"This is an example of what you don't want to see," says Luz Martínez-Miranda, holding up a slide with a squiggly, copper-colored metal squished between two pieces of glass: a liquid crystal sample had short circuited. When an experiment doesn't work, "many students feel like it's a bad thing," she says. "I tell them 'that's research: no one has shown if this works or how it works.'"
For Martínez-Miranda, the occasional short circuit is a part of discovery. She has studied liquid crystals for most of her professional life, which now centers at the Department of Materials Science and Engineering at the University of Maryland in College Park, Maryland.
"What fascinates me is the fact that you can get something with a crystal structure and still have a liquid," says Martínez-Miranda, who lives in Rockville, Maryland, with her dog Simon — a bright white, thick-coated Samoyed.
To view liquid crystals, she uses a polarizing microscope that magnifies 200 times or more; polarized lenses block out light, so she can view samples that can look a bit like ice crystals on a window, depending on the phase. If you excite the crystals and nanometer particles with changing temperature or magnetic fields, a kaleidoscopic display of colors and structures takes shape.

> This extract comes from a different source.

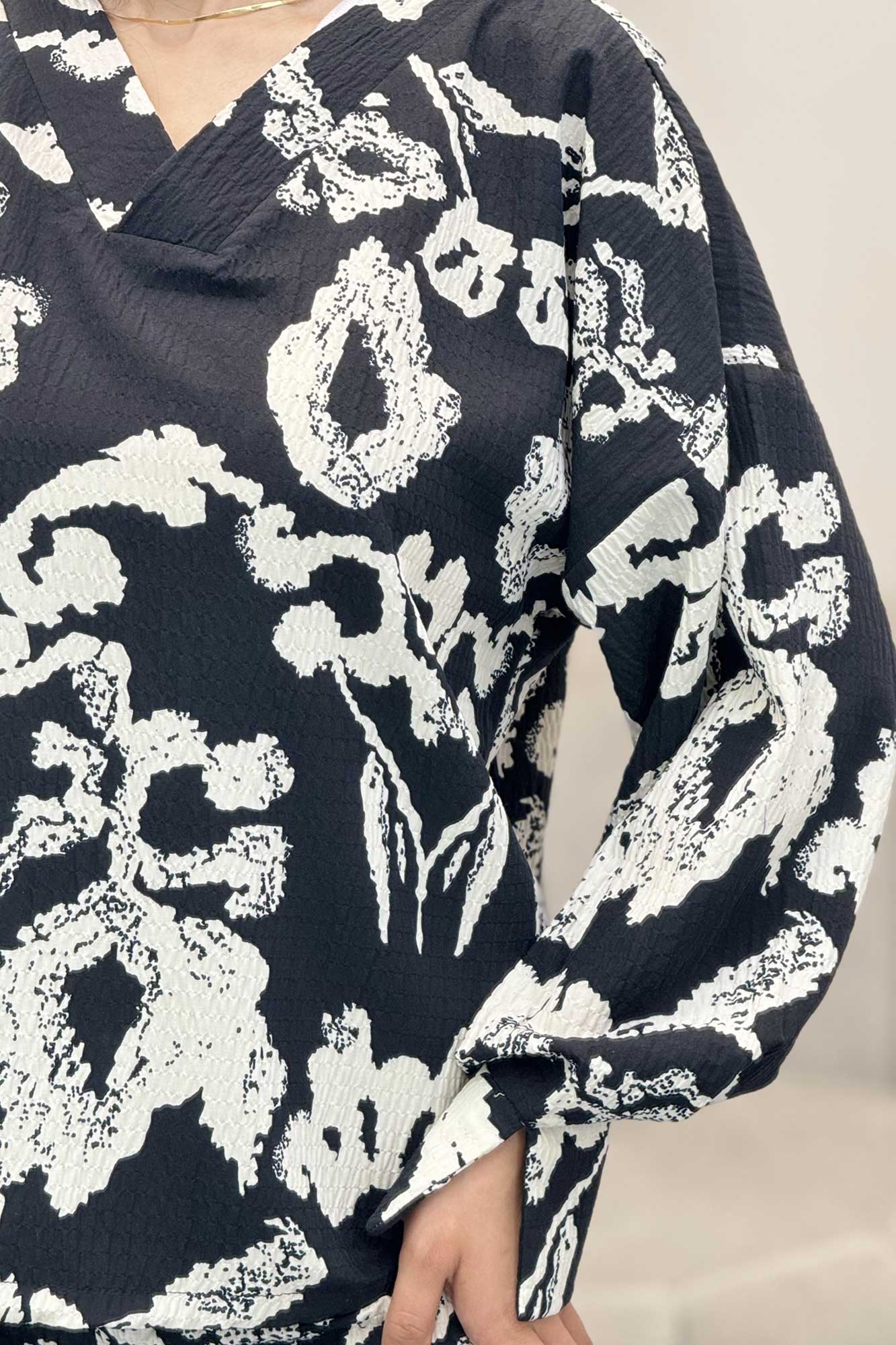 ست بلوز و شلوار یقه هفت کاملس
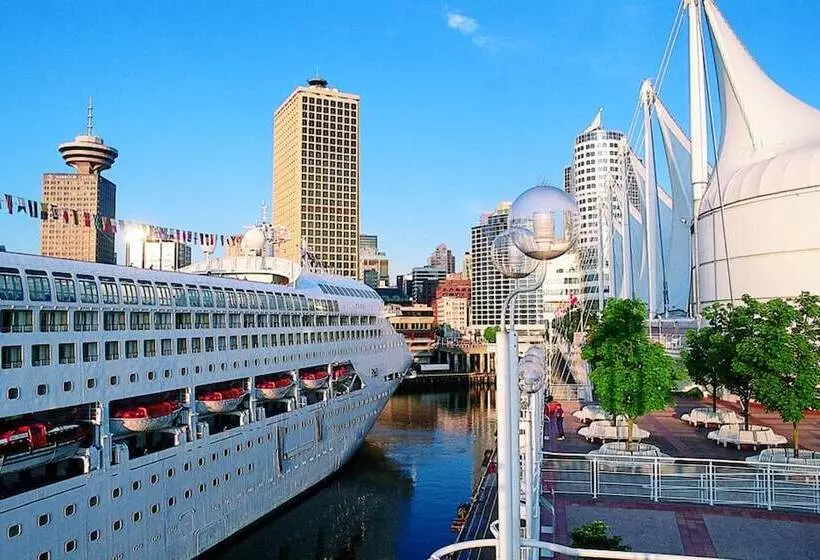 בית מלון כפרי Holiday Inn & Suites North Vancouver, An Ihg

The associate professor shares this phenomenon with her students, who peer into microscopes under her watch.
When she came to the University of Maryland in 1995, Martínez-Miranda helped design the junior materials laboratory; now, she teaches lab and materials courses, and advises undergraduates.
Her interest in nanometer particles — about five to 10 times an atom in size — began eight years ago, when Martínez-Miranda decided to see what would happen when she combined inorganic nanometer particles with the organic liquid crystals. With an X-ray machine, she tests liquid crystal films for structure, and to see how the films are affected by nanoparticles.
While many scientists are working on the interactions of disordered liquid crystals, Martínez-Miranda and her colleagues have found a niche working on the interactions of ordered liquid crystals and nanoparticles. "Our group is still at the edge," she says, riding the crest of a new research wave.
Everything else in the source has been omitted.